● **Work required**:
Repeat only the lines below from the one that contains "如何用优美的句子描写菊花的姿态？" through the final line, exactly. Omit pictures.

● **Supplied material**:
◇ ◇ ◇ ◇ ◇ ◇ ◇
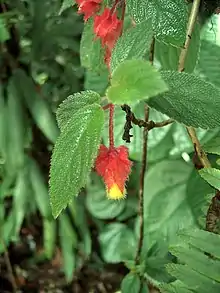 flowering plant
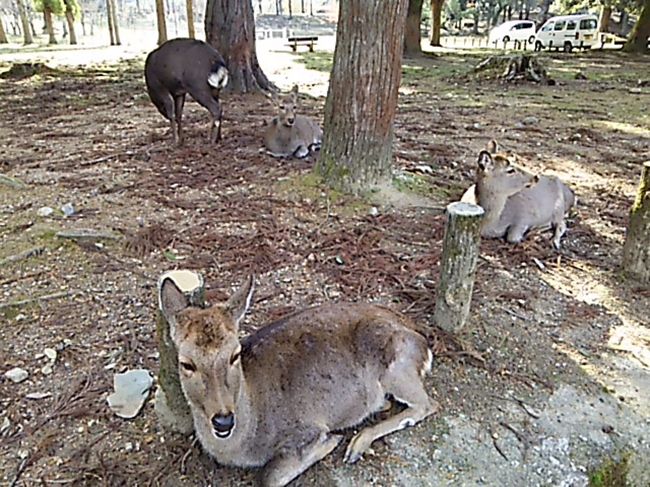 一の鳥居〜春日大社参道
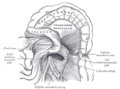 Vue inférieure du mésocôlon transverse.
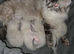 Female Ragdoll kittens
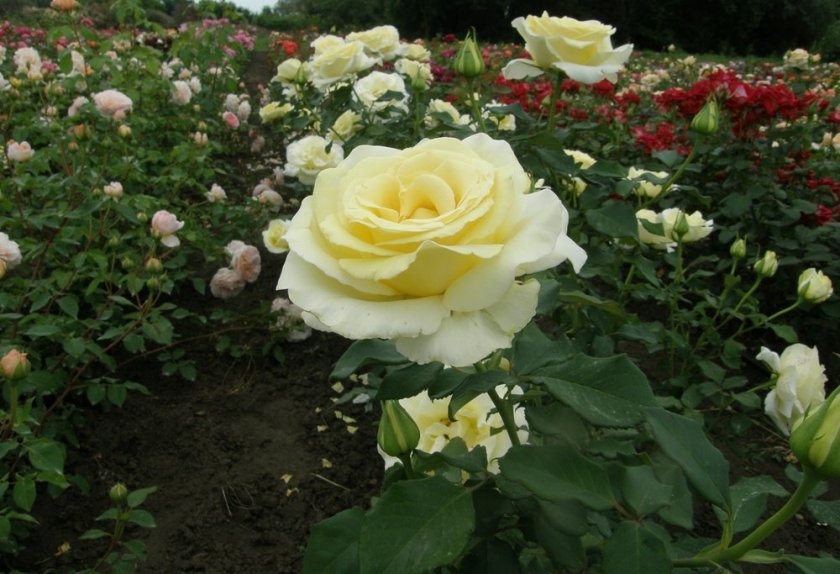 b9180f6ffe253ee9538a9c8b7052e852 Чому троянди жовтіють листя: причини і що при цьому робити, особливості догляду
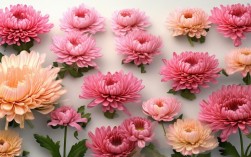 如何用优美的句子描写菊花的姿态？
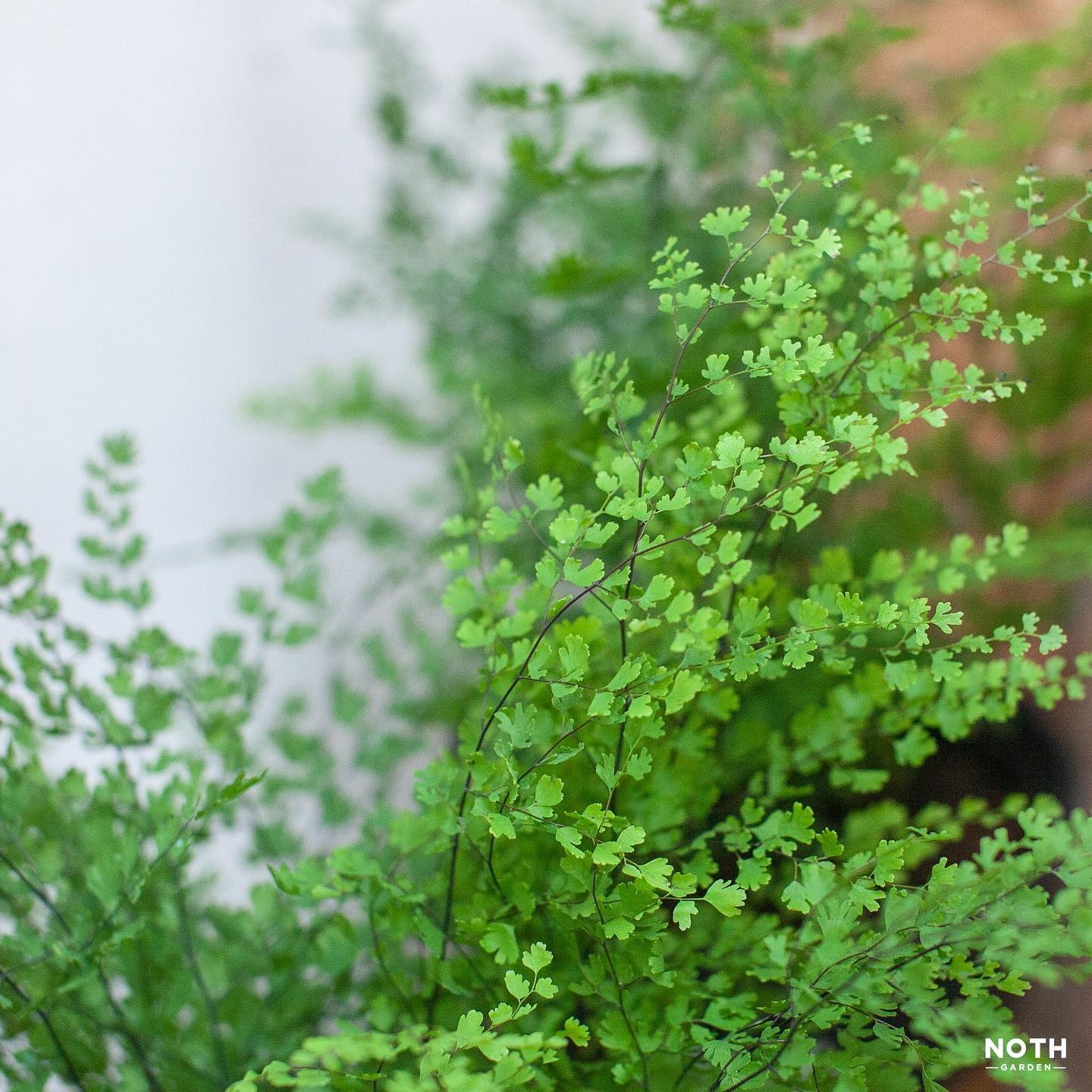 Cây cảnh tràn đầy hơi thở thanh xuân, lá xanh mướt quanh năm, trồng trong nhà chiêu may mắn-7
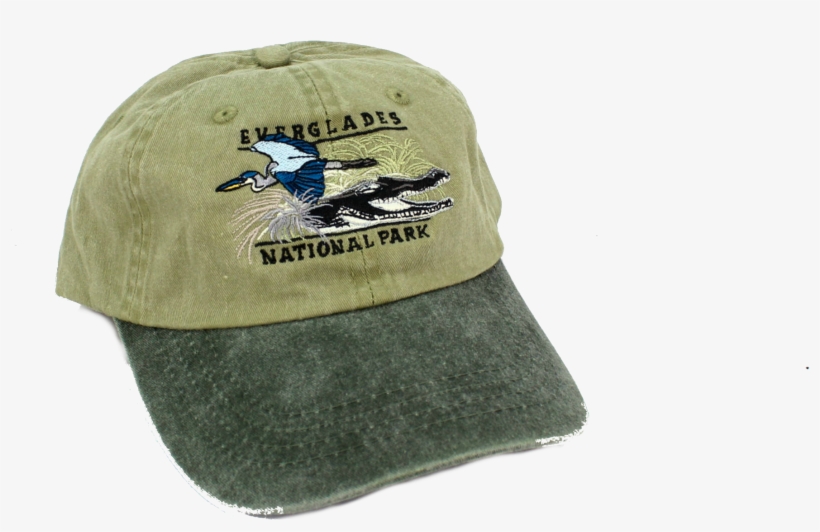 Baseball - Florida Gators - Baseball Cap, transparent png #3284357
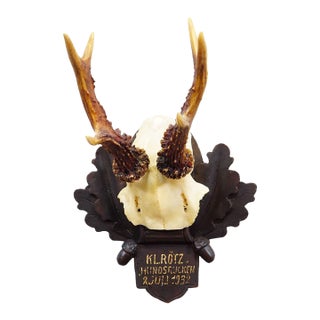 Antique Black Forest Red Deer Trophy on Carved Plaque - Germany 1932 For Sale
◇ ◇ ◇ ◇ ◇ ◇ ◇
● **Exercise answer**:
 如何用优美的句子描写菊花的姿态？
 Cây cảnh tràn đầy hơi thở thanh xuân, lá xanh mướt quanh năm, trồng trong nhà chiêu may mắn-7
 Baseball - Florida Gators - Baseball Cap, transparent png #3284357
 Antique Black Forest Red Deer Trophy on Carved Plaque - Germany 1932 For Sale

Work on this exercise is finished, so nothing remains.